= GIVEN DATA =
◇ ◇ ◇ ◇ ◇ ◇ ◇

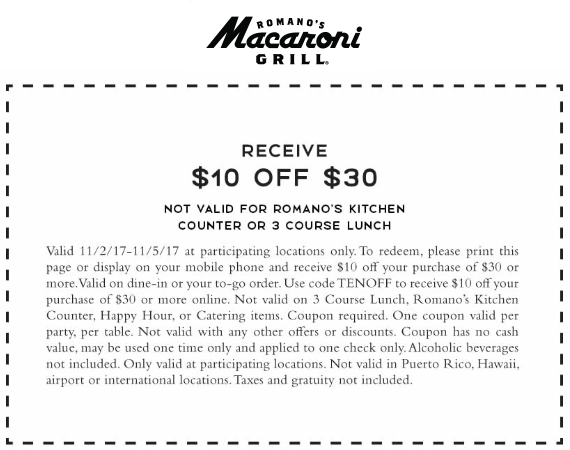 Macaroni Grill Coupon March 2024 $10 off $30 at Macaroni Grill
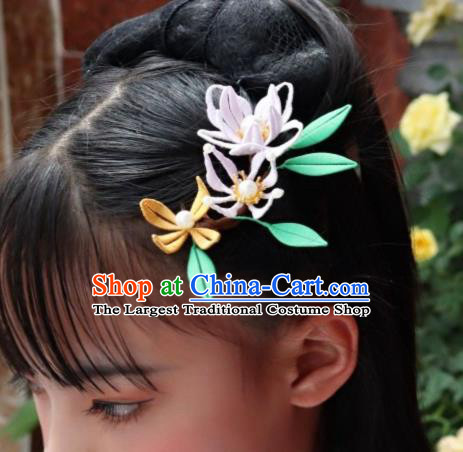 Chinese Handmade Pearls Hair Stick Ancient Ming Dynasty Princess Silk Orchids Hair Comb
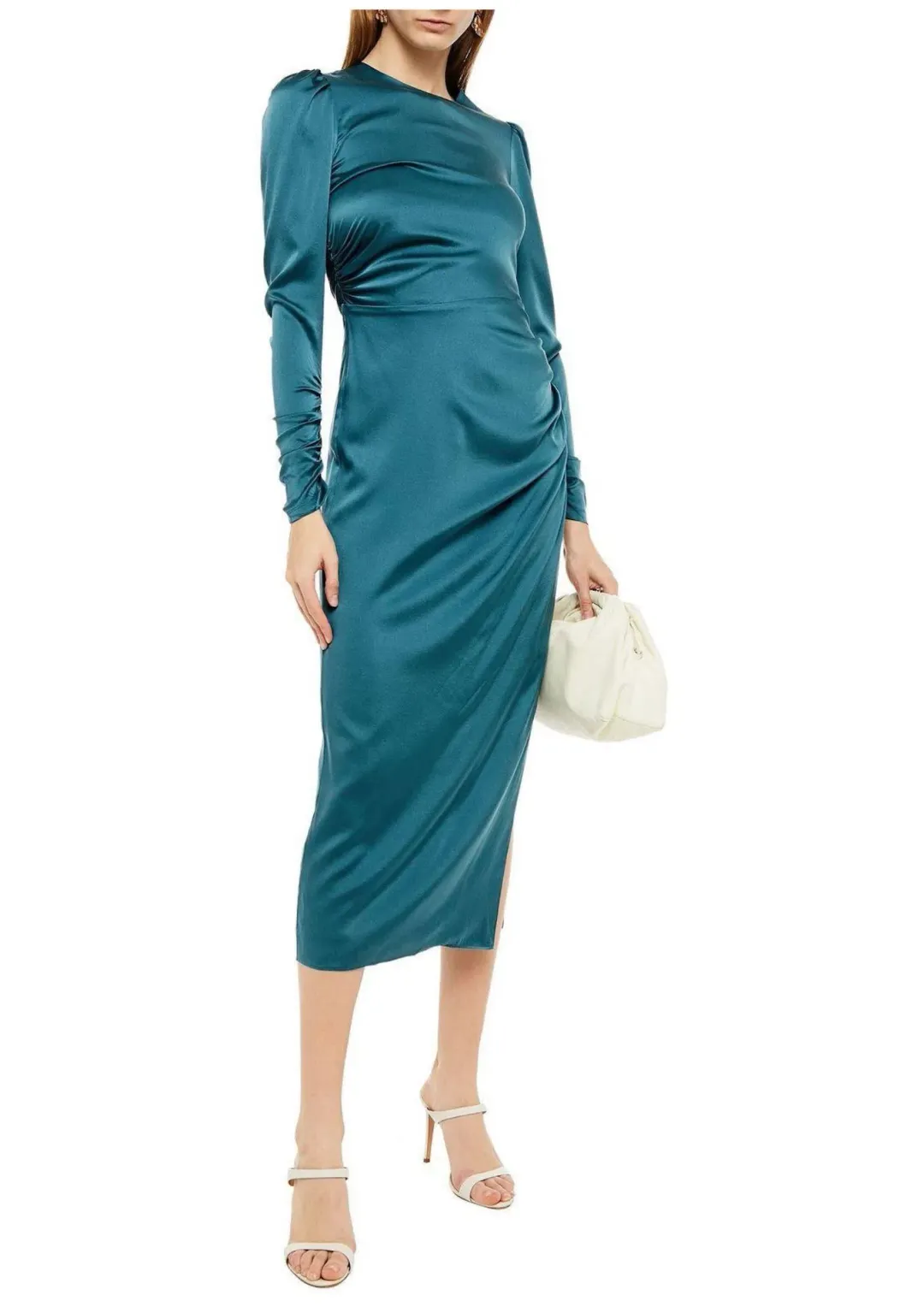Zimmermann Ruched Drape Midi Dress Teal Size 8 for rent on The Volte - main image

◇ ◇ ◇ ◇ ◇ ◇ ◇

= TASK BRIEF =
Copy out the whole listing exactly, and don't carry over any pictures.

= EXPECTED OUTPUT =
 Macaroni Grill Coupon March 2024 $10 off $30 at Macaroni Grill
 Chinese Handmade Pearls Hair Stick Ancient Ming Dynasty Princess Silk Orchids Hair Comb
Zimmermann Ruched Drape Midi Dress Teal Size 8 for rent on The Volte - main image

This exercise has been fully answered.